Kroeber’in çağdaşları arasında Afrikalı-Amerikalı antropolog ve halkbilimci Zora Neale Hurston, Yahudi dilbilimci ve antropolog Edward Sapir ve Ruth Benedict ve Margaret Mead gibi kadın araştırmacılar da vardı. Bu antropologların hepsi de kendi alanlarında çok güçlü olan ayrımcılık ve kültürel aşağılamalar ile baş etmeye çalışıyorlardı.
O dönemde hakim olan yaklaşıma karşı, Kroeber biraz da mecburen tarih, coğrafya ve çevrenin kültürel farklılıkları etkilediğini yazıyordu. Özetle, hiçbir kültür doğal bir yoldan ortaya çıkmıyordu.
“Toplumsal faillikler hepimiz üzerinde muazzam şekilde etkililer,” diyordu Kroeber, “öyle ki, ayırt edici ırksal nitelikler doğuştan geliyor olsalar bile ne dereceye kadar doğuştan geldiklerini makul bir şekilde ortaya koymaya çalışmak bile fazlasıyla zordur.”
Kroeber’e göre, insan toplulukları arasındaki doğuştan gelen farklılıklar üzerinde ısrarcı olmanın tek nedeni statükoyu korumaktı: yani, ırksal ayrımcılık ve sömürgecilik üzerine kurulmuş toplumları korumak.
Ve Ursula: “Peki yazdıklarım okurları düşündürüyor mu?”
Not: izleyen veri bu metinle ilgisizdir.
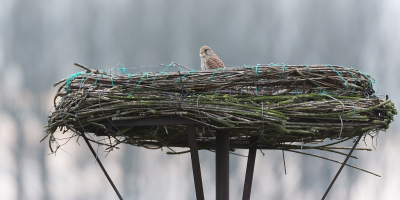 <i class='fa fa-user'></i> Wijnand van Buuren |   Torenvalk  <i class='fa fa-eye'> 252</i>  <i class='fa fa-thumbs-up'> 9</i>   <i class='fa fa-comment-o'> 20</i>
Ursula Le Guin, Berkeley, Kaliforniya’da geçen çocukluğu boyunca işte bu düşünceleri duyacaktır. Bu düşünceler onun eserlerinde kapsamlı ve yaratıcı şekilde ortaya koyduğu dünya görüşünün temelini oluşturmuş gibi görünüyor.
Le Guin’in yazdıkları asla sadece bir büyülü ya da tuhaf dünya yaratmaktan ibaret olmadı. Onun metinleri, ırk, etnisite, toplumsal cinsiyet, cinsellik ya da sınıf gibi kimlikler ile oyun oynadığı bir laboratuvarda okurlarını kültürel önyargıların diğer insan topluluklarına dönük görüşlerini nasıl lekelediğine dair düşünmeye sevk edecek bir şekilde işliyordu.
“Okurları eğlendirmek iyi güzel,” diyordu New York Times’tan John Wray’in kendisi iel yaptığı söyleşide, “peki yazdıklarım onları düşündürüyor mu?”
Ursula Le Guin söz konusu olduğunda, onun hayali evrenlerinin insani olan hiçbir şeyin aslında evrensel olmadığı ve “yabancı” denen kavramın bir bakış açısından ibaret olduğuna dönük vurgusu beni son derece etkiledi, etkilemeye de devam ediyor.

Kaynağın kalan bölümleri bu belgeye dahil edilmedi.